Records from a data source:
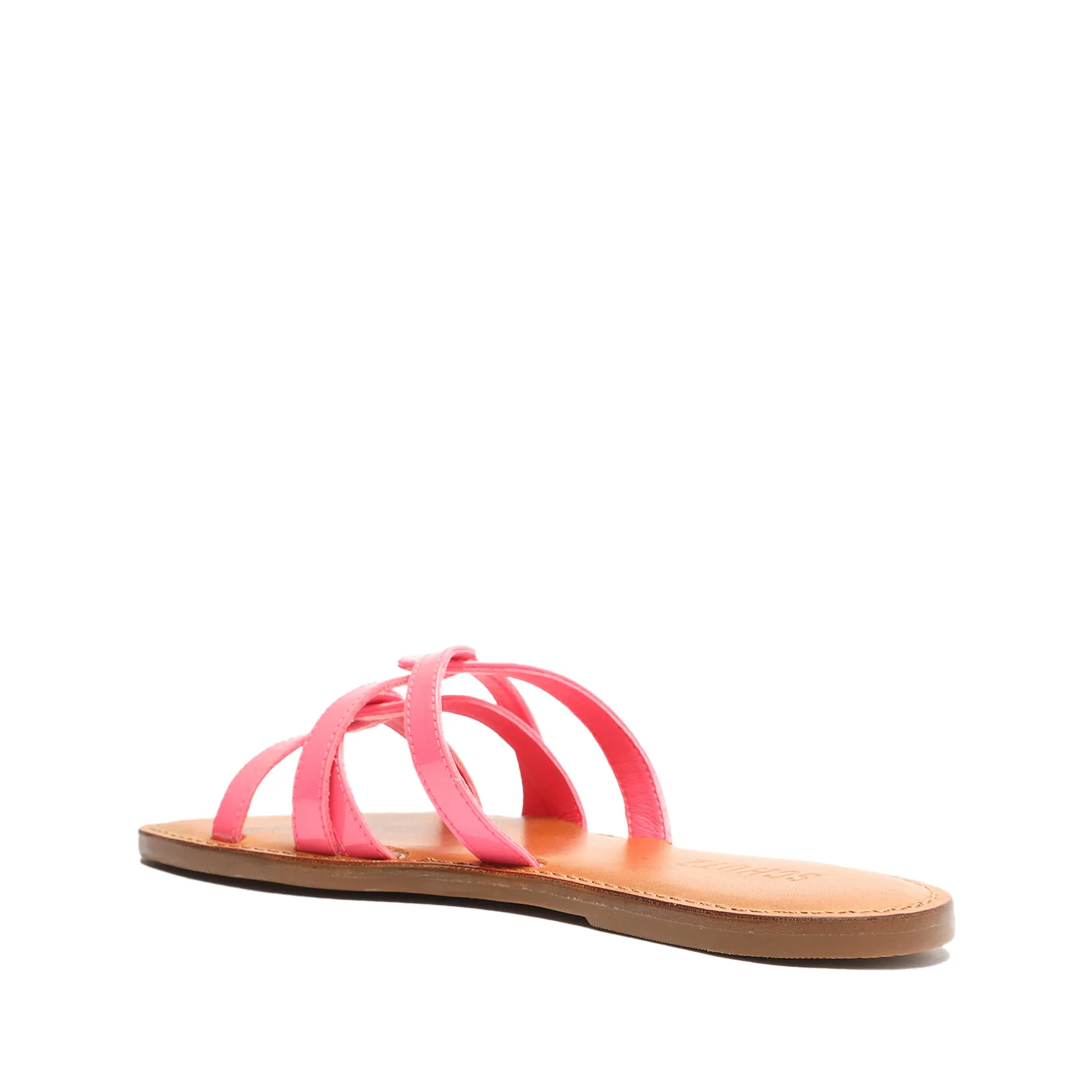 Lyta Patent Leather Sandal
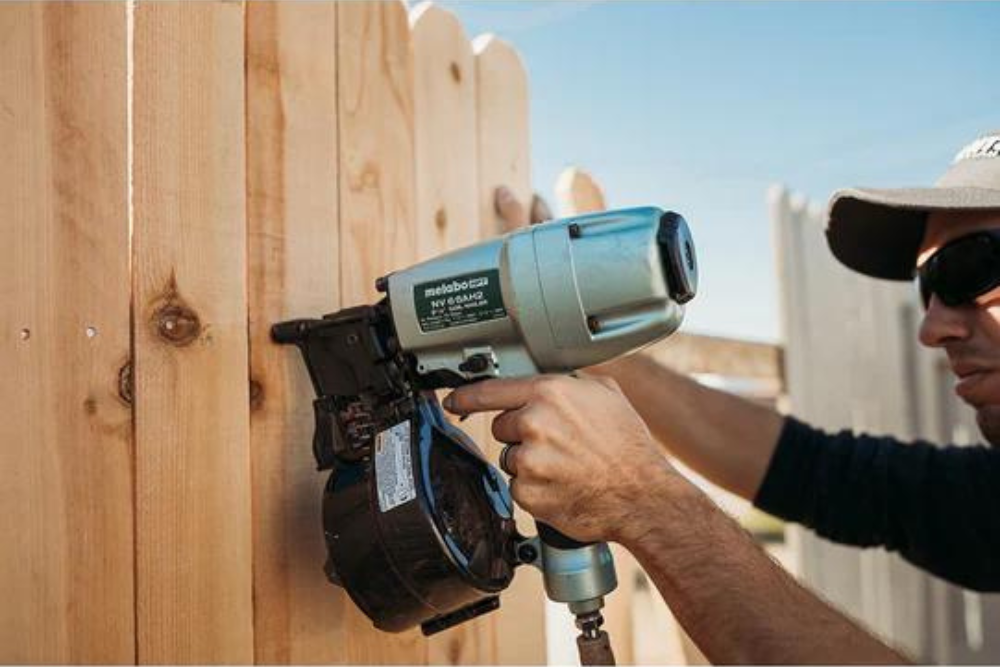 The Best Nail Guns For Fencing Options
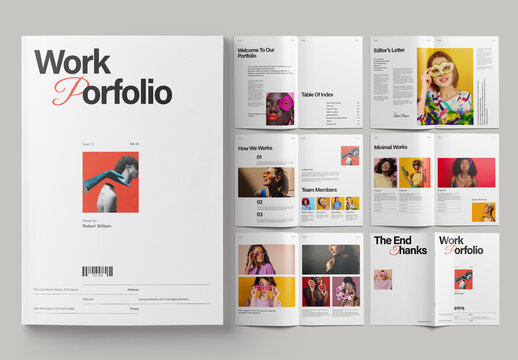 Portfolio Template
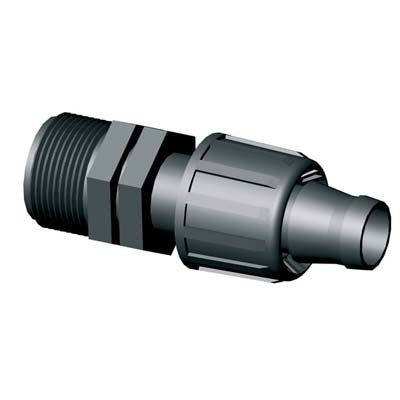 100 x MANICOTTO FILETTO MASCHIO X MANICHETTA PN IRRITEC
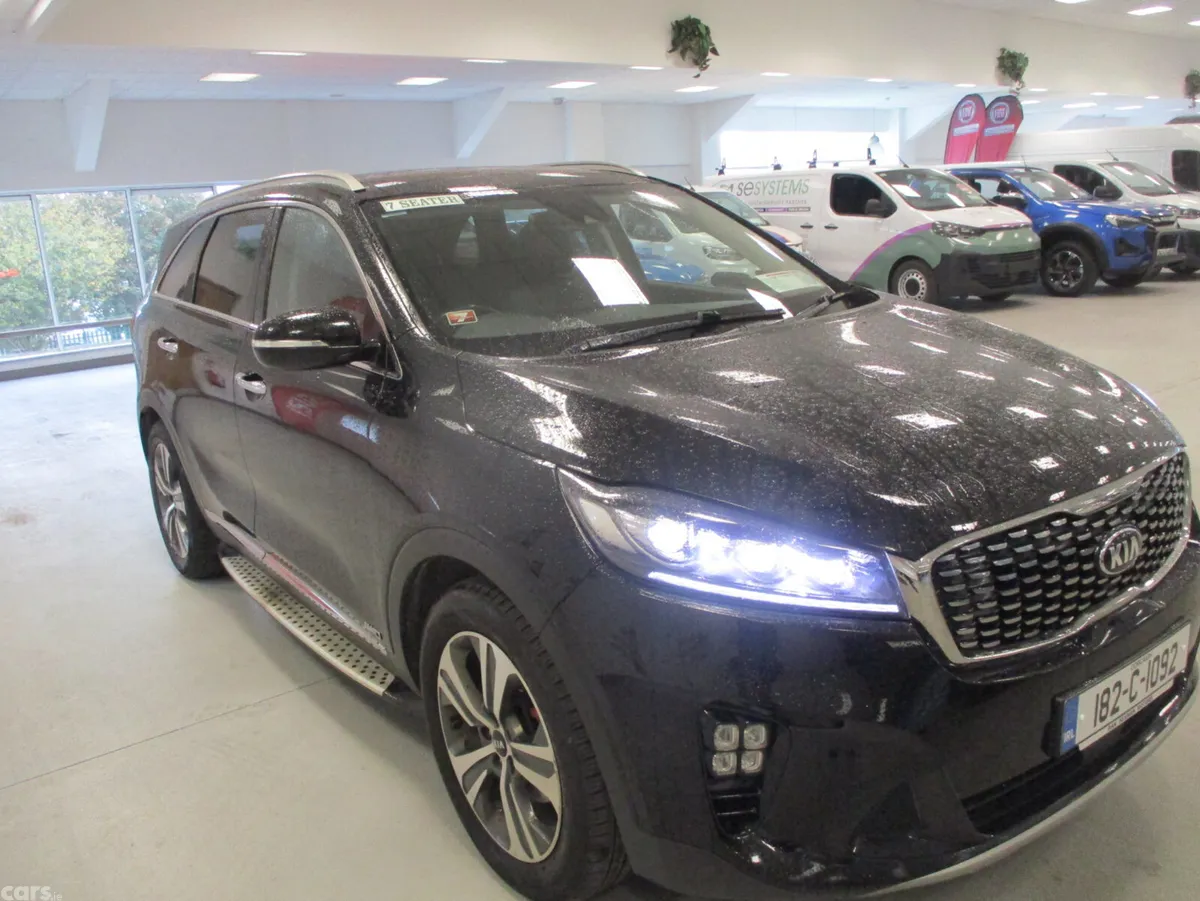 Kia Sorento SUV, Diesel, 2018, Black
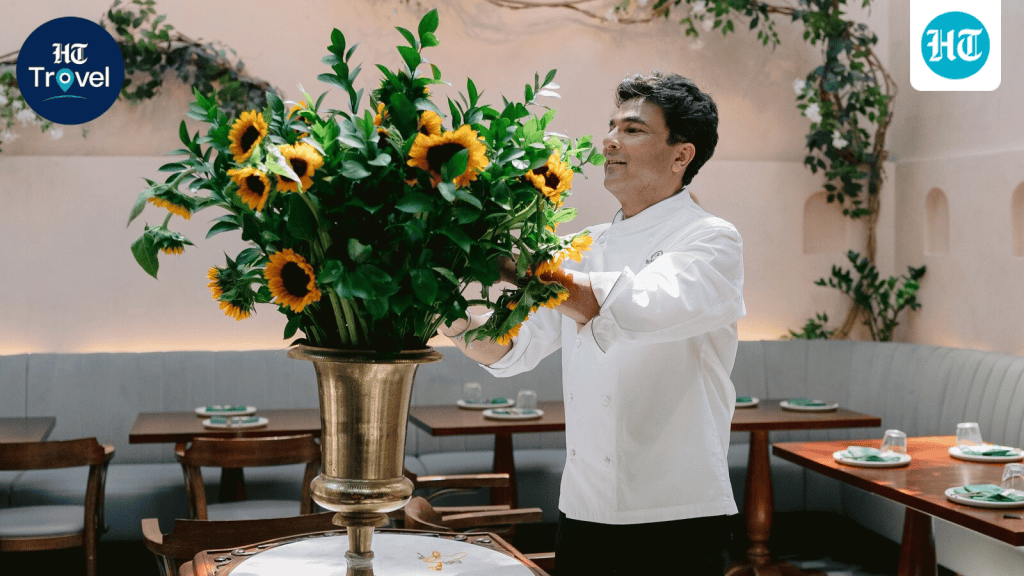 For some travellers, getting a table at Vikas Khanna ’s restaurant: A practical reader guide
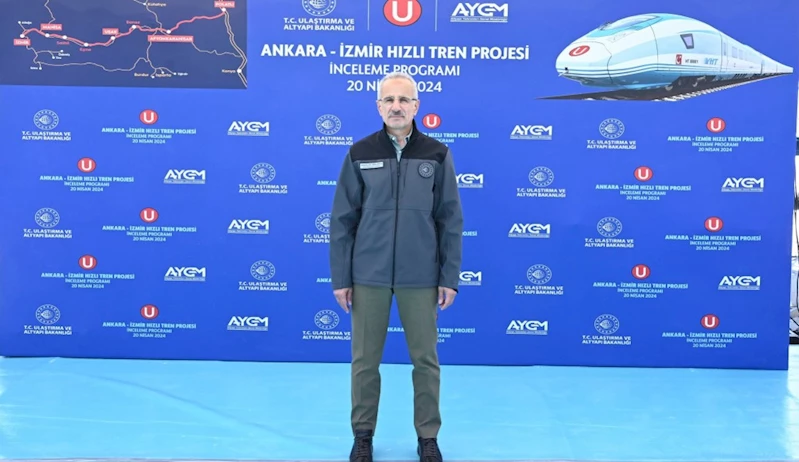 PRESTİJ PROJESİ: ANKARA-İZMİR YHT HATTI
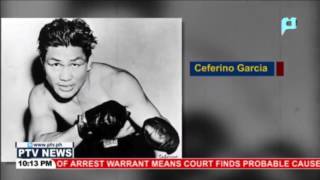 SPORTS TRIVIA Ceferino GarciaA Filipino world boxing champ [upl. by Odilia400]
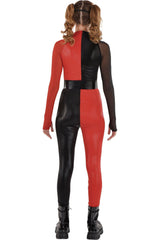 DC Comics Harley Quinn Halloween Costume for Women
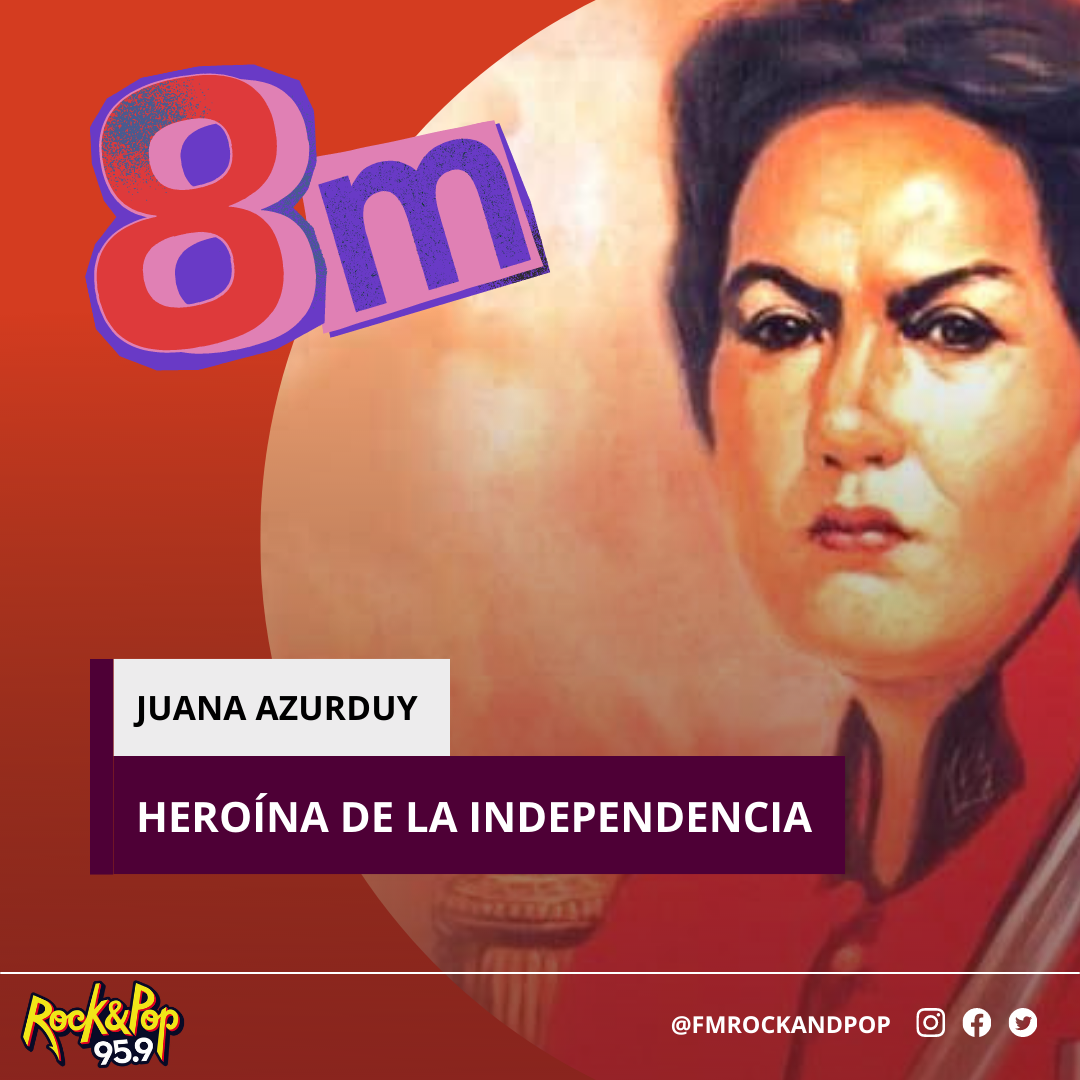 Día Internacional de la Mujer // Juana Azurduy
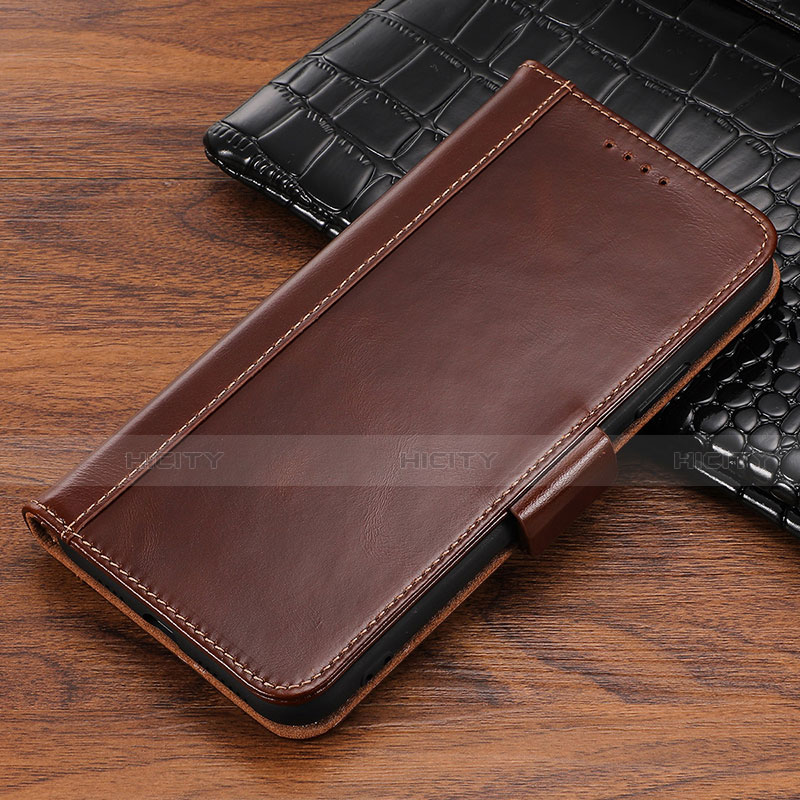 Funda de Cuero Cartera con Soporte Carcasa P04 para Apple iPhone Xs Max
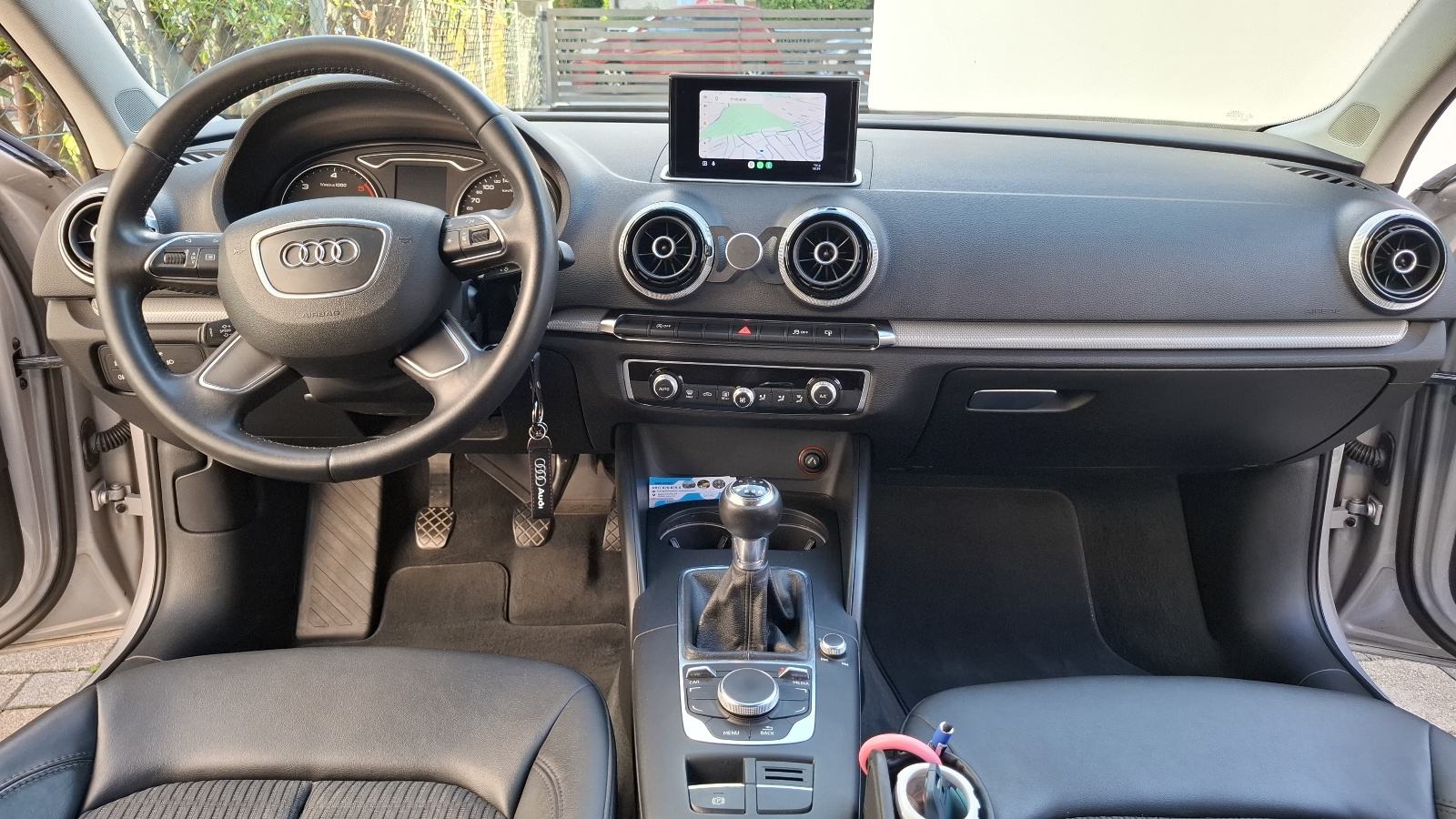 Audi A3 1,6 TDI, fotografija 17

Exercise prompt → Exact copies of the entries above are needed, without their pictures.

Exercise solution →
 Lyta Patent Leather Sandal
 The Best Nail Guns For Fencing Options
 Portfolio Template
 100 x MANICOTTO FILETTO MASCHIO X MANICHETTA PN IRRITEC
 Kia Sorento SUV, Diesel, 2018, Black
 For some travellers, getting a table at Vikas Khanna ’s restaurant: A practical reader guide
 PRESTİJ PROJESİ: ANKARA-İZMİR YHT HATTI
 SPORTS TRIVIA Ceferino GarciaA Filipino world boxing champ [upl. by Odilia400]
 DC Comics Harley Quinn Halloween Costume for Women
 Día Internacional de la Mujer // Juana Azurduy
 Funda de Cuero Cartera con Soporte Carcasa P04 para Apple iPhone Xs Max
 Audi A3 1,6 TDI, fotografija 17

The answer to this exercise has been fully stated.